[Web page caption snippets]

=== Section Start ===

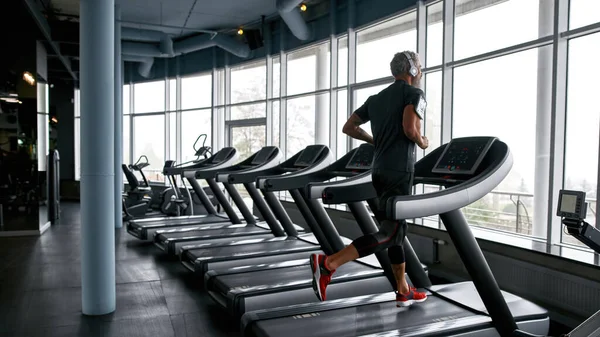 Man listening to music via headphones and running on treadmill — Stock Photo, Image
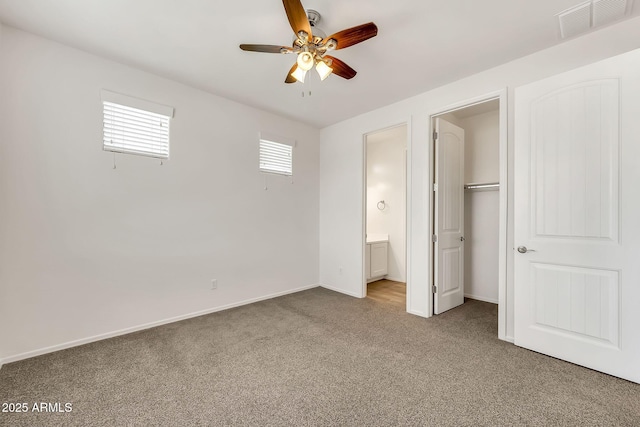 9017 E June Cir, Mesa, AZ 85207 - unfurnished bedroom featuring carpet floors, connected bathroom, baseboards, ceiling fan, and a closet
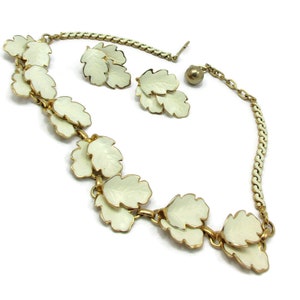 May include: A gold chain necklace with white enamel leaf charms and matching earrings. The necklace has a lobster clasp closure.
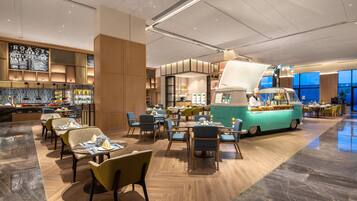 A modern restaurant with a central food truck, multiple seating areas, and a variety of food displays.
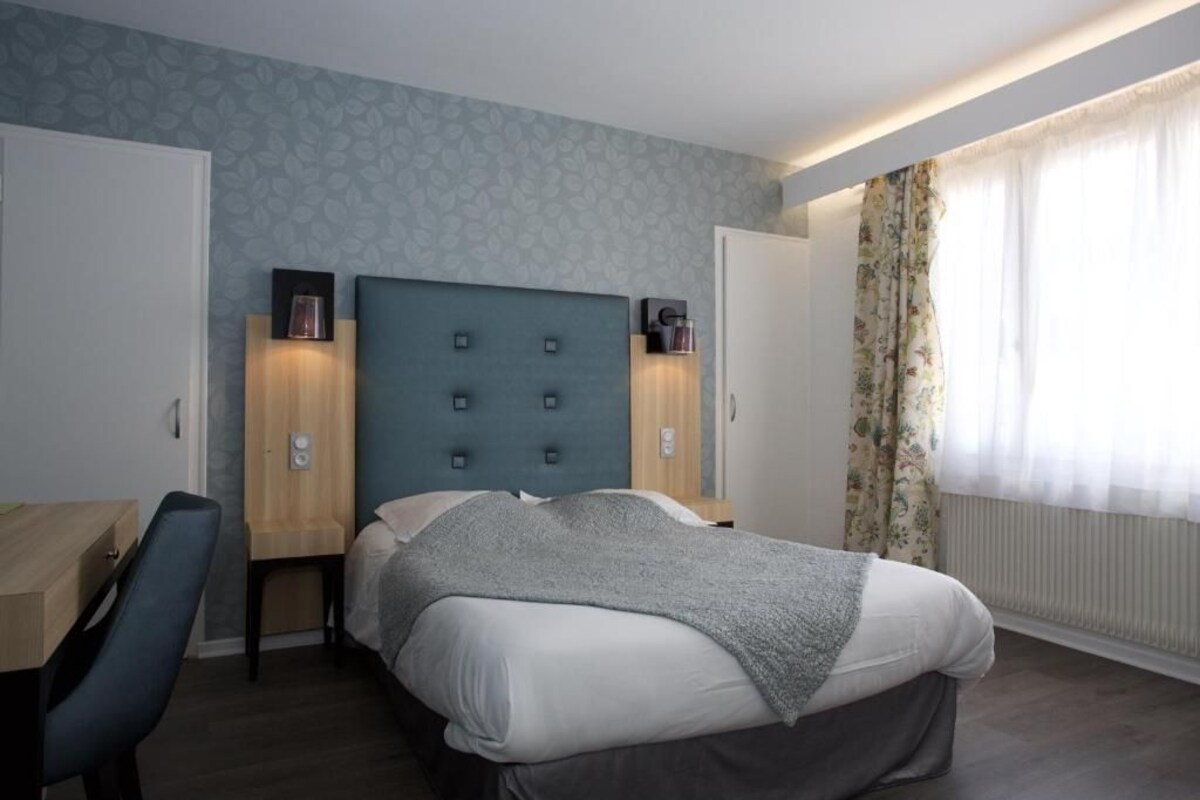 A bedroom with a bed, a desk, and two bedside tables with lamps.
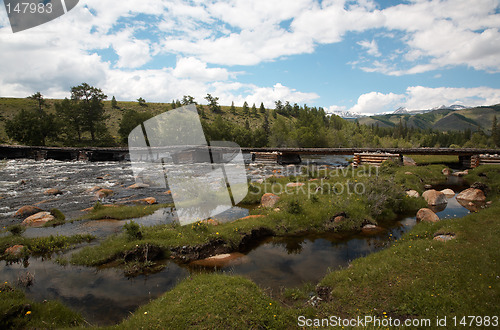 Image of Wooden bridge over river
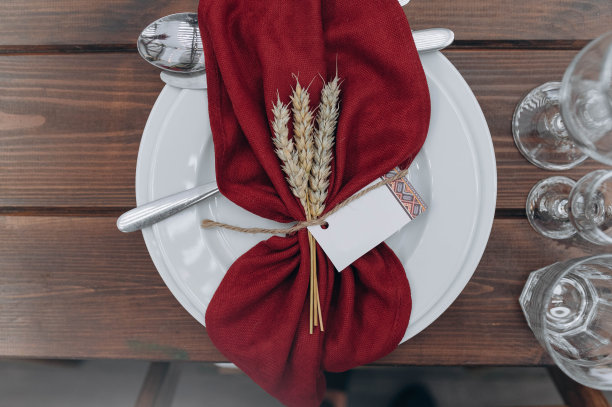 木桌上有盘子、小穗、毛巾和玻璃杯图片下载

=== Section End ===

- _Activity_: Starting at the line that contains "Image of Wooden bridge over river" and ending at the final line of the data, reproduce each line exactly. Pictures stay out of the copy.

- _Task result_:
 Image of Wooden bridge over river
 木桌上有盘子、小穗、毛巾和玻璃杯图片下载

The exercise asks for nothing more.